Assessing the Impact of Bromine and Iodine Chemistry on Tropospheric Composition

Halogens (chlorine, bromine and iodine) have been studied extensively in the stratosphere, where they catalytically destroy ozone, but more recently there has been growing interest in their effect on tropospheric composition and oxidative capacity. Of particular interest is how they affect ozone, a powerful greenhouse gas and air pollutant at the Earth’s surface. Reactive halogen species such as  BrO and IO can impact ozone concentrations directly through catalytic cycles and indirectly via affecting the partitioning of HO_X and NO_X, resulting in important effects on tropospheric composition that are not yet fully understood.

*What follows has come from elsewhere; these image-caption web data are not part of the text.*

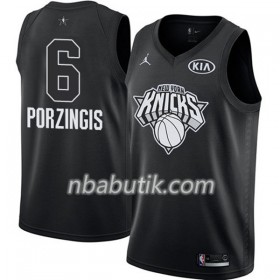 NBA Mænd Trøje New York Knicks Kristaps Porzingis 6 2018 All Star Jordan Brand Sort Swingman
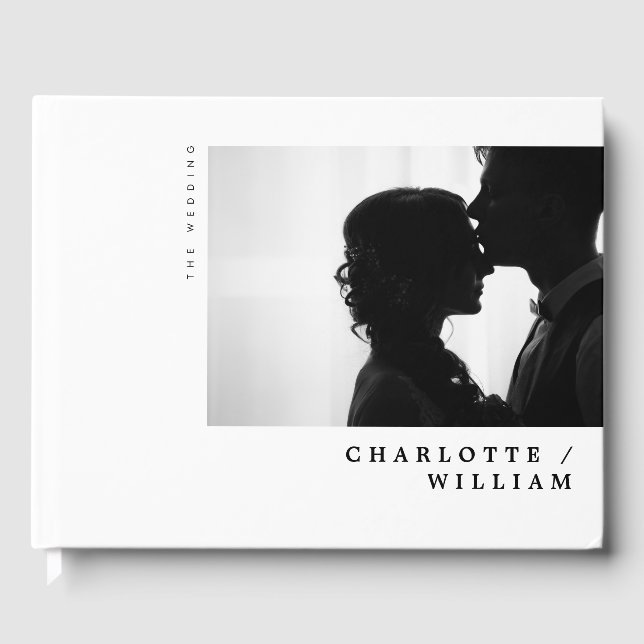 Minimal Modern Typography Photo Wedding Guest Book (Front)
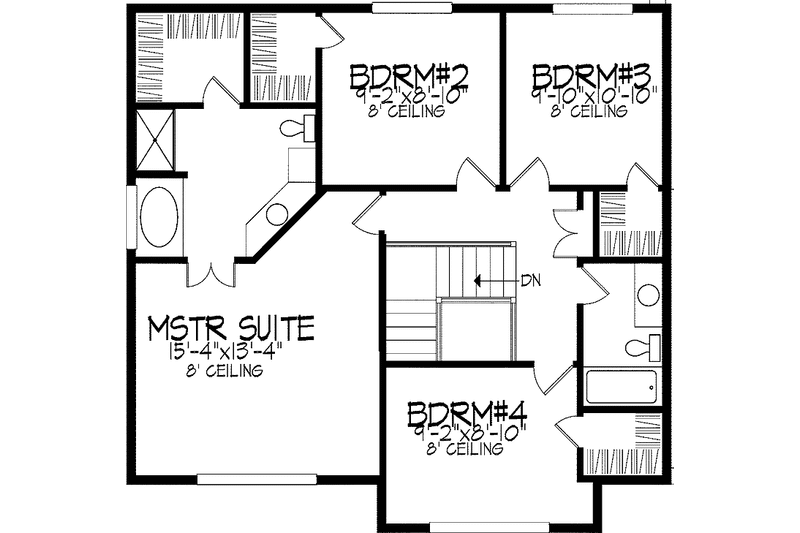 Home Plan - Floor Plan - Upper Floor for Tudor House Plan #51-872 - 4 bed, 2.5 bath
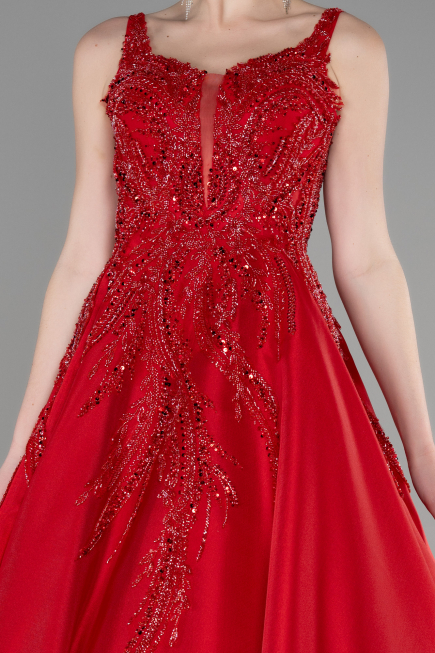 Designer Abendkleid Lang Rot ABU3595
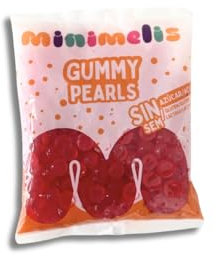 iChuches | Gominolas Minimelis | Caramelos Sin Azúcar - Sin Gluten - Sin Lactosa | Bolsa 1 kg (Perlas Fresa)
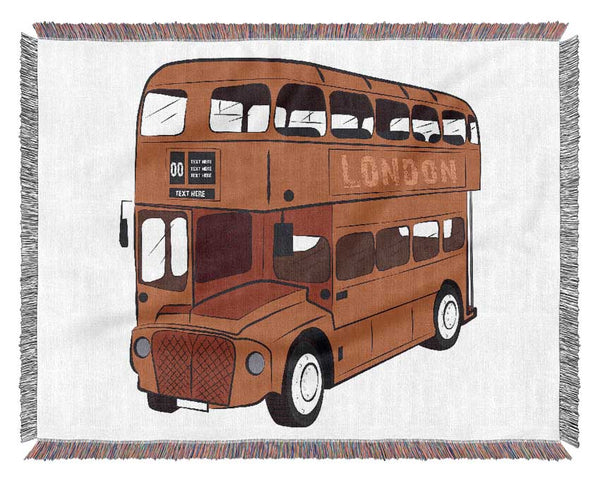 Iconic Red Bus Woven Blanket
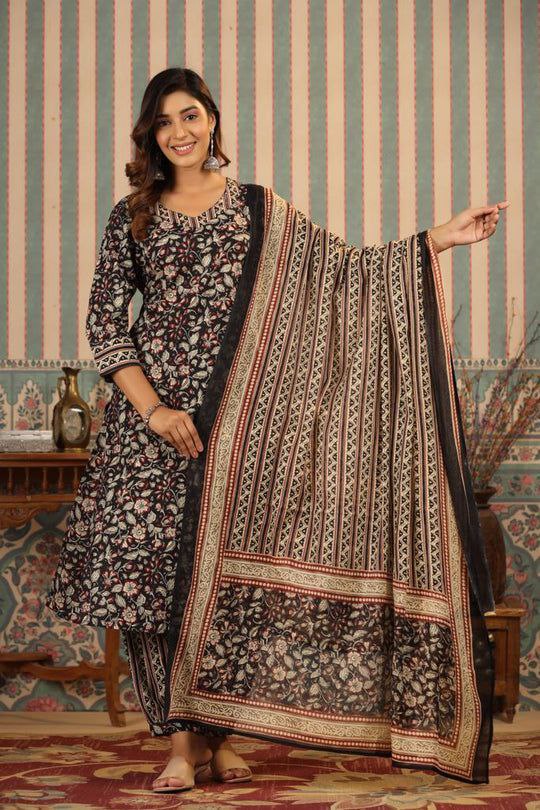 Women's Knee Length Floral Printed Kurti And Pant Set With Printed Dupatta (Black) - Taantav
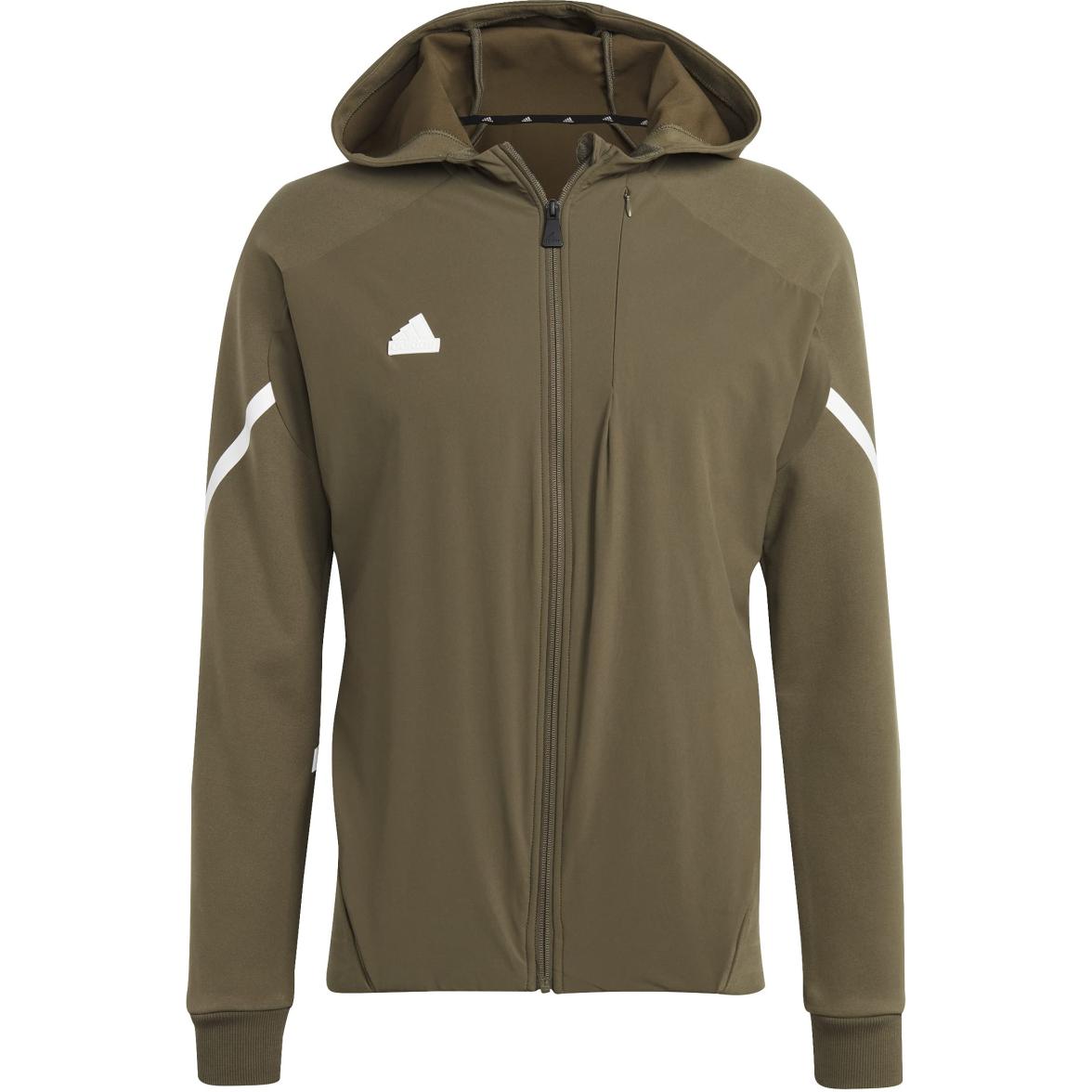 adidas Logo Graphic Hoodie Jacket Solid Color - Rock Olive Green IC8041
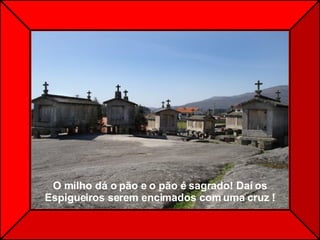 O milho dá o pão e o pão é sagrado! Daí os Espigueiros serem encimados com uma cruz ! 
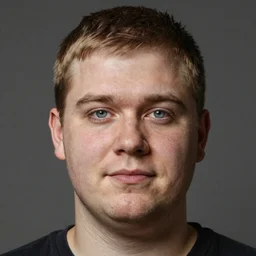 tall chunky man in his twenties with brown blond short regular haircut and round facial structure with cleft chin, straight eyebrows, big light blue eyes, with a little smile, cheekbones, straight nose, wider face, shadow of beard, atmospheric lighting, painted, intricate, 4 k, highly detailed by charlie bowater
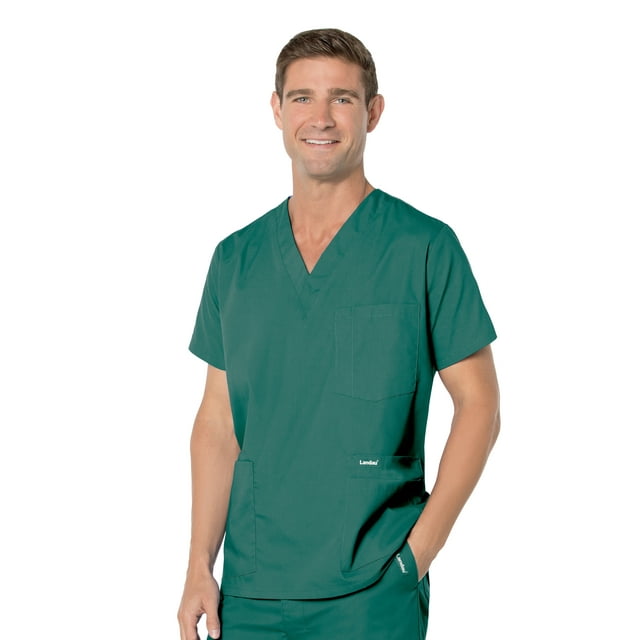 Landau Essentials Haut de Blouse Médicale 5 Poches pour Hommes : Coupe Classique Décontractée, Col en V Durable Médical 7489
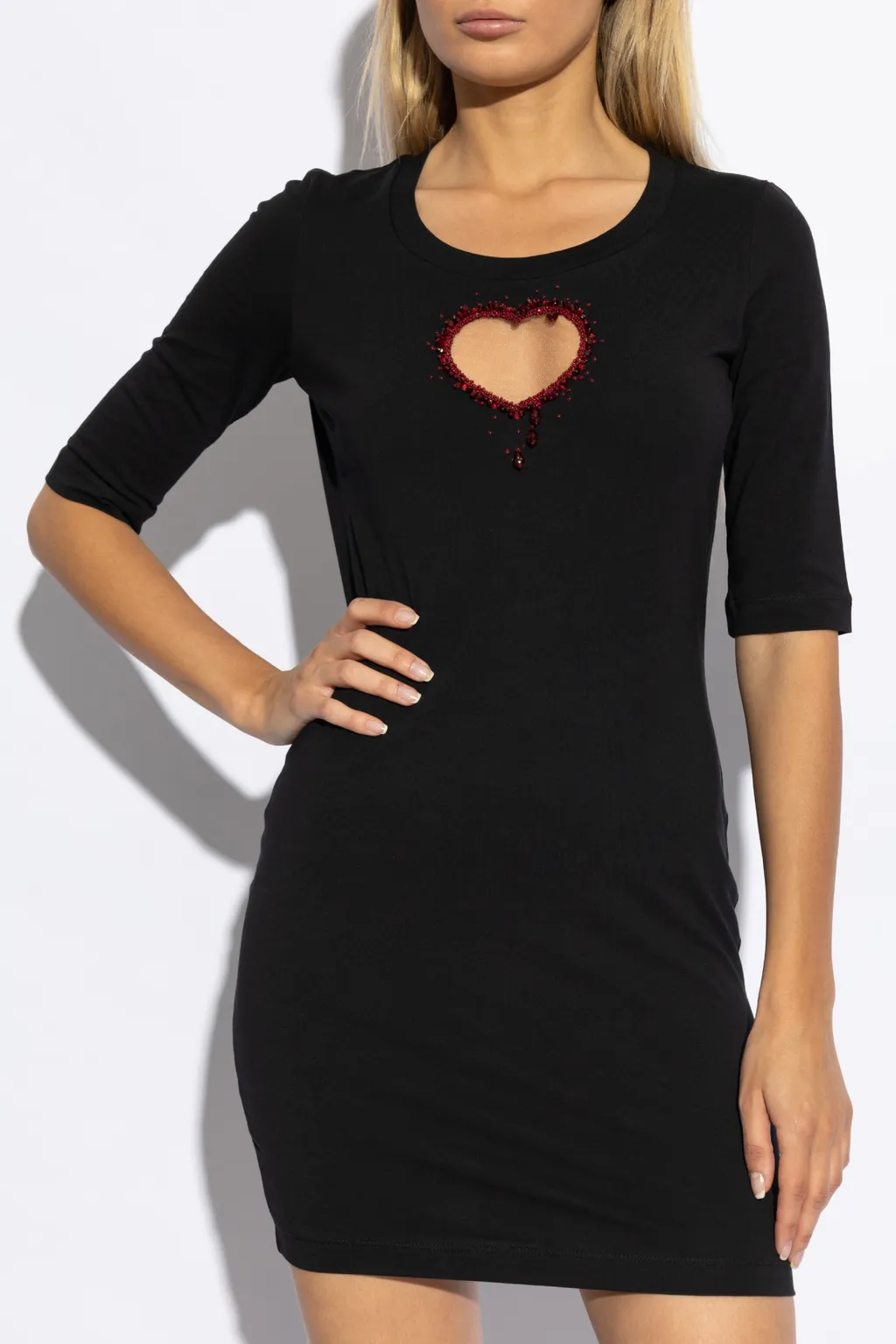 Cut-Out Embellished Jersey Dress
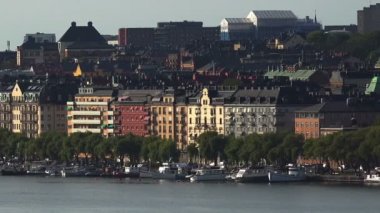 Dolgu ve iskelesi Stockholm Merkezi. İsveç.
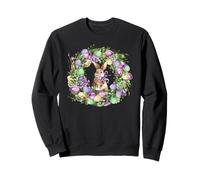Floral Easter Bunny Wreath Decor For Women Cute Easter Day Sweatshirt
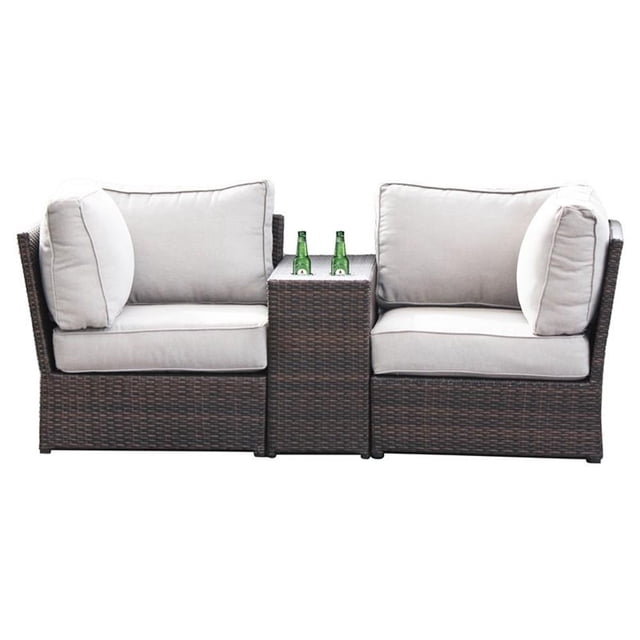 Living Source International Ensemble de Sièges 3 Pcs avec Coussins, Espresso/gris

Here, we explore how bromine and iodine chemistry can impact tropospheric ozone concentrations. Using the FRSGC/UCI CTM, we expand the existing tropospheric chemistry scheme (that includes a comprehensive description of iodine chemistry) by including a detailed bromine chemistry scheme. This encompasses major gas-phase and heterogeneous reactions, including reactions occurring on ice particles, alongside physical processes like wet and dry deposition. Sources of bromine include (1) CH₃Br and emissions of five short-lived bromocarbons (CHBr₃, CH₂Br₂, CH₂BrCl, CHBr₂Cl and CHBrCl₂), (2) debromination of sea-salt aerosol from the open ocean and from blowing snow in polar regions, and (3) transport from the stratosphere. We explore different approaches to representing open ocean sea-salt debromination, comparing a ‘depletion factor’ based parameterisation with sea-salt debromination arising from a series of heterogeneous reactions. The impact of these different parameterisations on the resulting bromine budget is shown.

A detailed evaluation of the model performance is presented using ground-based, aircraft and satellite observations of key radicals (e.g. halogen oxides) with the results comparing reasonably well with observations. We also explore the spatial and temporal variation of natural halogens in the troposphere and the importance of different sources, and further quantify the impact of reactive halogens on present-day ozone concentrations and tropospheric oxidising capacity.